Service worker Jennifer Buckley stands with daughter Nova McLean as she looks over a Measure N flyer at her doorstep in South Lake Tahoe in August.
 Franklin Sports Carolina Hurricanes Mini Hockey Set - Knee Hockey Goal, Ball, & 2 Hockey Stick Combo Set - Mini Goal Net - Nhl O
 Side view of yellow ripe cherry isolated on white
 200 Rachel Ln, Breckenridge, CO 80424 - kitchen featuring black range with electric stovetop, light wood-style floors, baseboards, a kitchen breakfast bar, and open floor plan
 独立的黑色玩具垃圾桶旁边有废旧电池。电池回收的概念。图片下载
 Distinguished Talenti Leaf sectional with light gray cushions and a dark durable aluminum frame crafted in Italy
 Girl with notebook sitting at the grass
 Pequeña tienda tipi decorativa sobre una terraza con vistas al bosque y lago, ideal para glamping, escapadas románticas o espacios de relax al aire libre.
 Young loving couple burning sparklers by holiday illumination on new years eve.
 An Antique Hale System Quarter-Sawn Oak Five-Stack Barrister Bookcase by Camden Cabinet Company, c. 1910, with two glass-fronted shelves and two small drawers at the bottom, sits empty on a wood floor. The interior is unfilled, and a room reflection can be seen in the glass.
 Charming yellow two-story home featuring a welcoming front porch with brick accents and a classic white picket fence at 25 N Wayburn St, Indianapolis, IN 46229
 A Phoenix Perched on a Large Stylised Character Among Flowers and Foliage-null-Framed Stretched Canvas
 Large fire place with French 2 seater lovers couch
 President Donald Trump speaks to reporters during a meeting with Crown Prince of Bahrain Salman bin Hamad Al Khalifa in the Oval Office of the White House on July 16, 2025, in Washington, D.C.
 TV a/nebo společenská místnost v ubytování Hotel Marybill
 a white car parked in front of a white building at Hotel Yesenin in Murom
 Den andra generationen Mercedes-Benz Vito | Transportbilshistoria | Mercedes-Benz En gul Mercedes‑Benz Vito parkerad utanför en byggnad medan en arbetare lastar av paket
* * * * *
TASK DETAILS: Above are the records; print exactly the lines from the line with "Side view of" to the line with "独立的黑色玩具垃圾桶旁边有废旧电池。电池回收的概念。图片下载", including both, and nothing else.

TASK SOLUTION:
 Side view of yellow ripe cherry isolated on white
 200 Rachel Ln, Breckenridge, CO 80424 - kitchen featuring black range with electric stovetop, light wood-style floors, baseboards, a kitchen breakfast bar, and open floor plan
 独立的黑色玩具垃圾桶旁边有废旧电池。电池回收的概念。图片下载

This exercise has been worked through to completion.